- **What you will do**: Without any pictures, print the lines below from the one that has "About an hour" through the one that has "15045 Heathcliff Dr, Reno, NV", exactly and nothing else.

(Caption-style text data)
◆ ◆ ◆

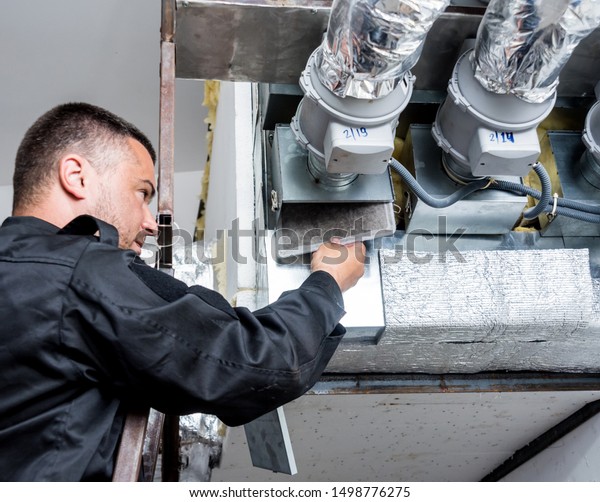Ventilation cleaning. Specialist at\
work. Repair ventilation system (HVAC). Industrial\
background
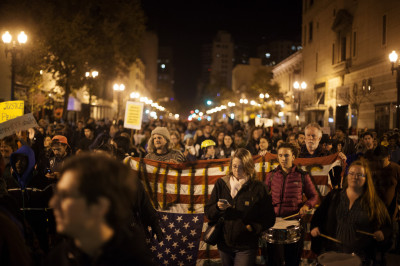 About an hour after the grand jury decision was announced, the protest ballooned in size, as demonstrators marched north on Broadway. (Mark Andrew Boyer/KQED)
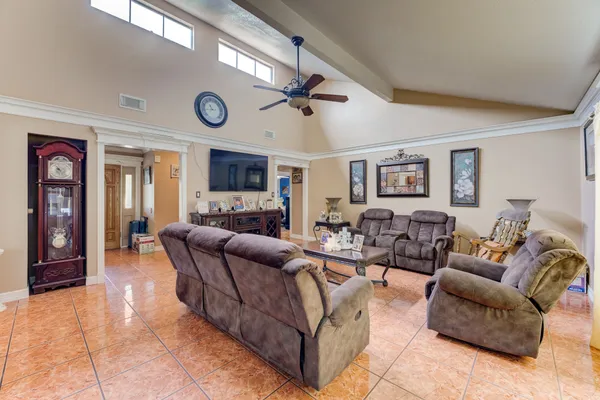 a living room with furniture a clock and a ceiling fan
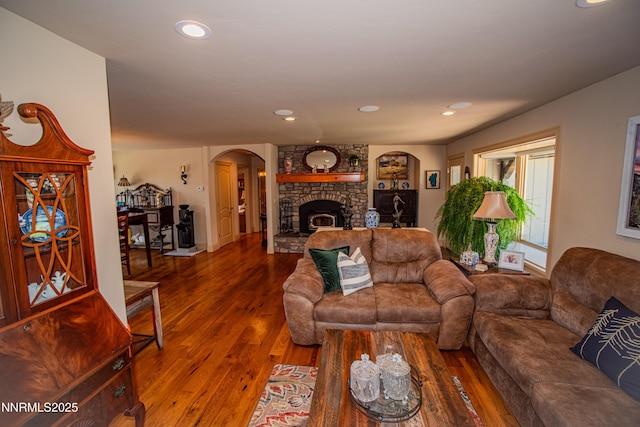 15045 Heathcliff Dr, Reno, NV 89511 - living area with arched walkways, wood finished floors, a fireplace, and recessed lighting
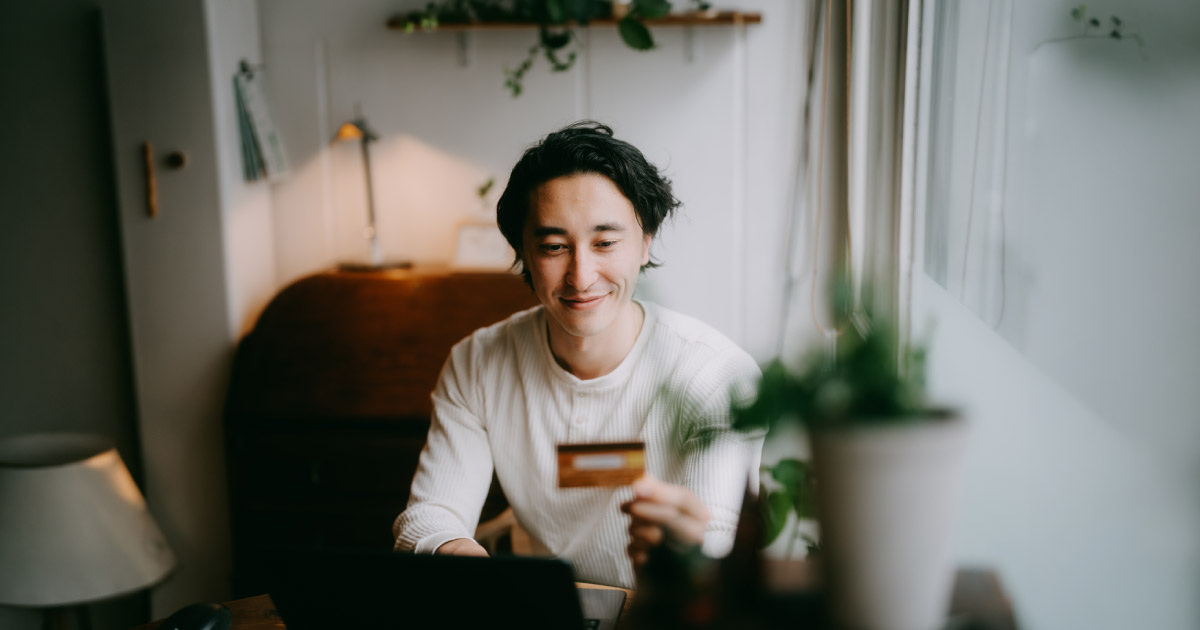 Man enjoying online donation with credit card at home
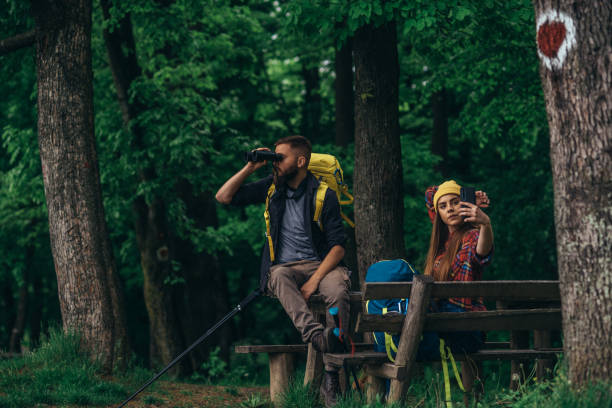 istock Hikers sitting on a bench in the forest and making a break while using a smartphone 1322677870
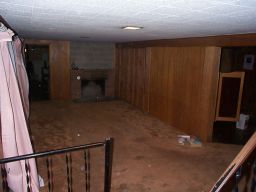 Downstairs, looking from the stairwell into the large downstairs room.  Acoustic tile ceiling, and swinging doors.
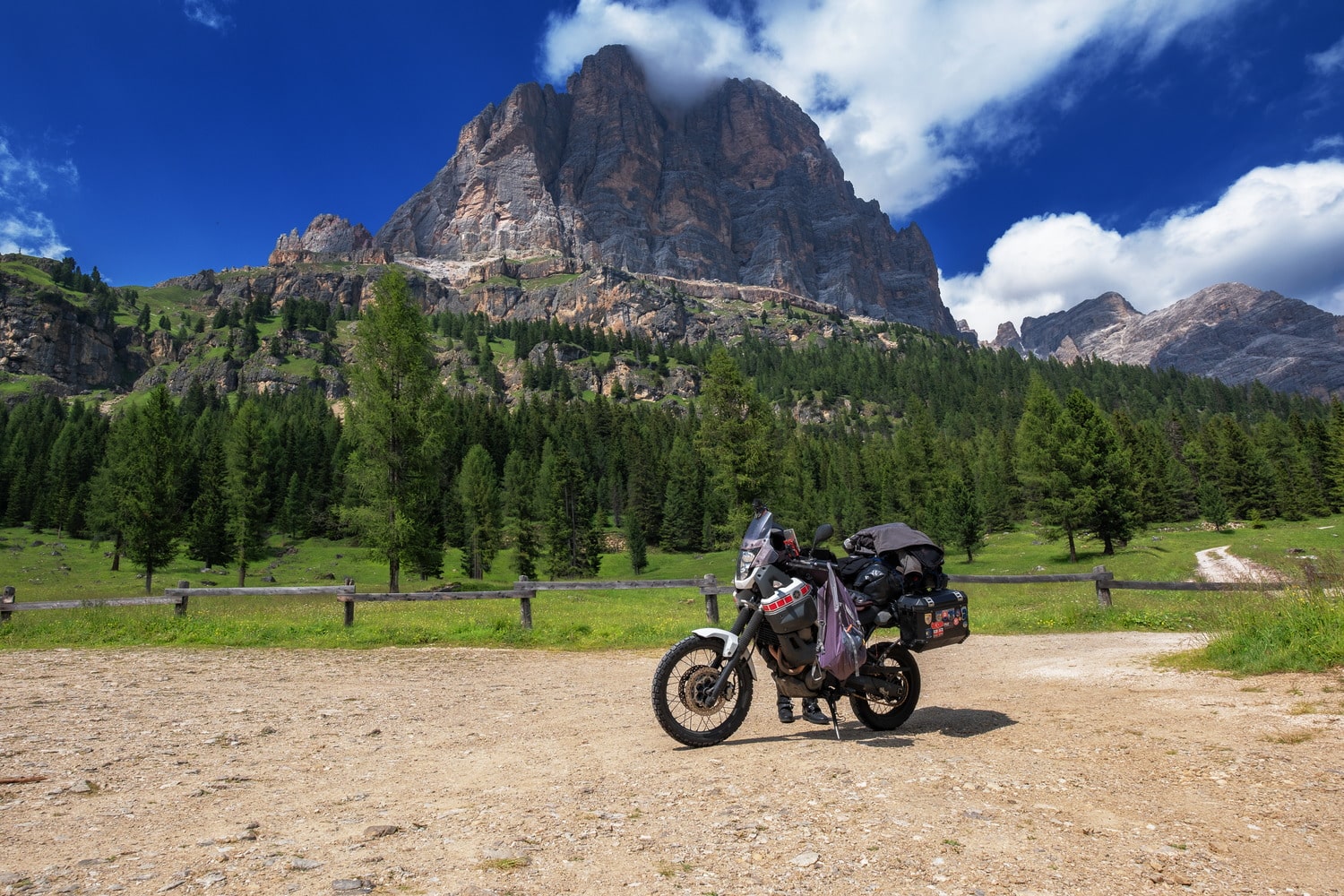 motorcycle parked with steep mountain behind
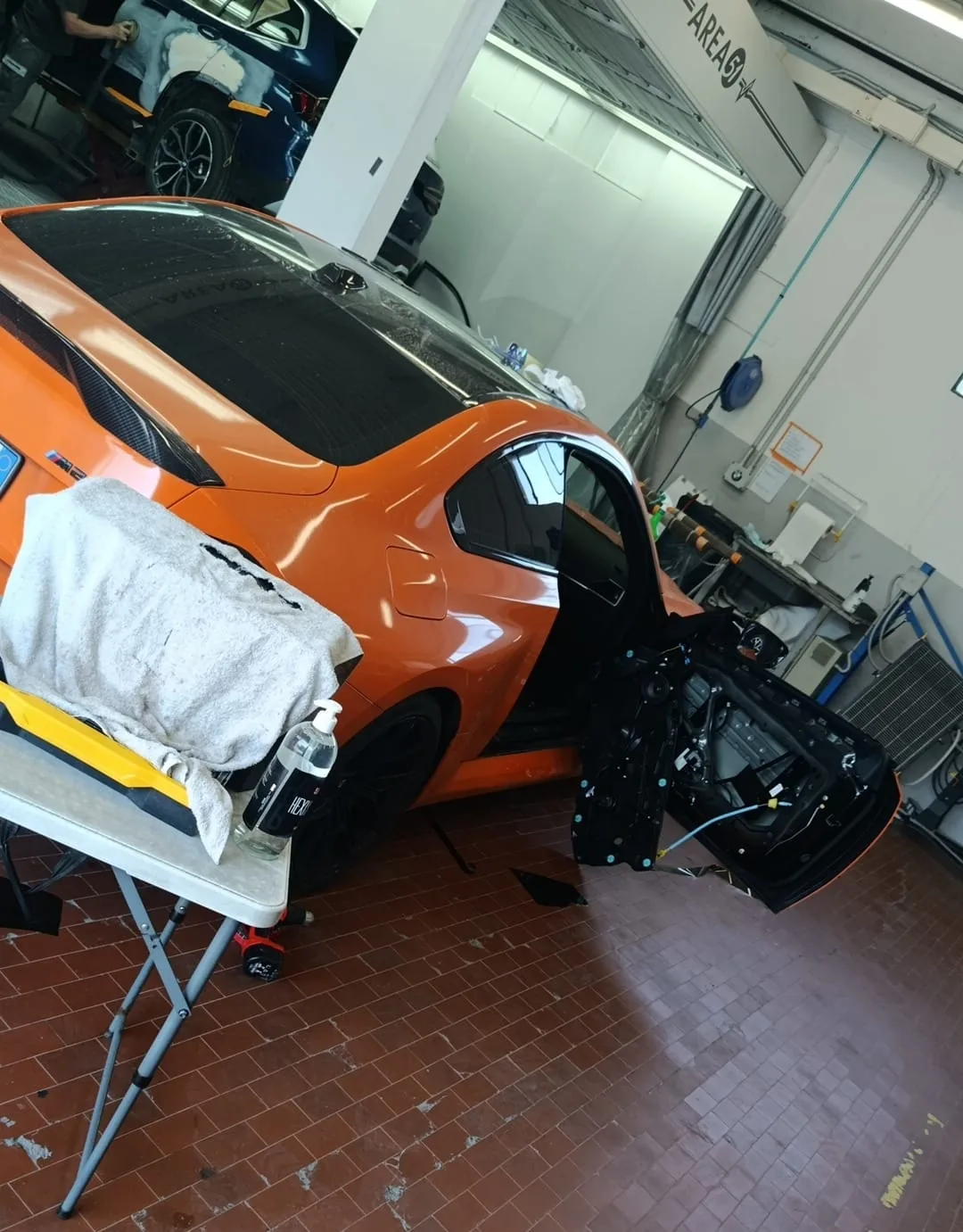 BMW M2 arancione con la portiera smontata durante l'oscuramento dei vetri nel laboratorio Metrix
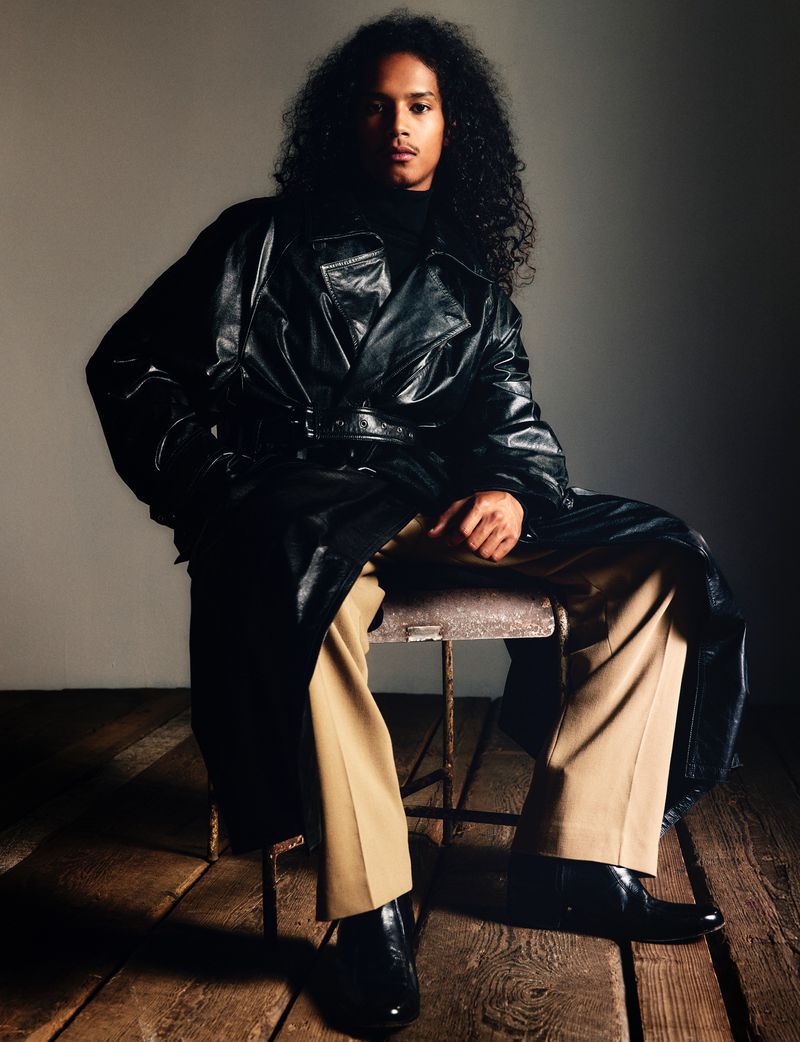Stylish adult male with curly hair sits on a wood stool, wearing a black vinyl trench coat, khaki trousers, and black boots in a studio.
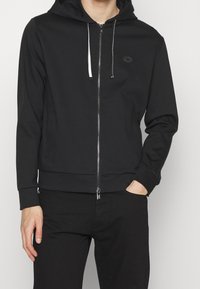 Uomo che indossa una felpa nera con zip e cordini bianchi e neri, pantaloni neri, con una mano in tasca, su uno sfondo semplice chiaro.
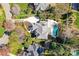 Bird's eye perspective of property showcasing the home's layout, landscaping, and pool area at 18512 Square Sail Rd, Cornelius, NC 28031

◆ ◆ ◆

- **Output below**:
 About an hour after the grand jury decision was announced, the protest ballooned in size, as demonstrators marched north on Broadway. (Mark Andrew Boyer/KQED)
 a living room with furniture a clock and a ceiling fan
 15045 Heathcliff Dr, Reno, NV 89511 - living area with arched walkways, wood finished floors, a fireplace, and recessed lighting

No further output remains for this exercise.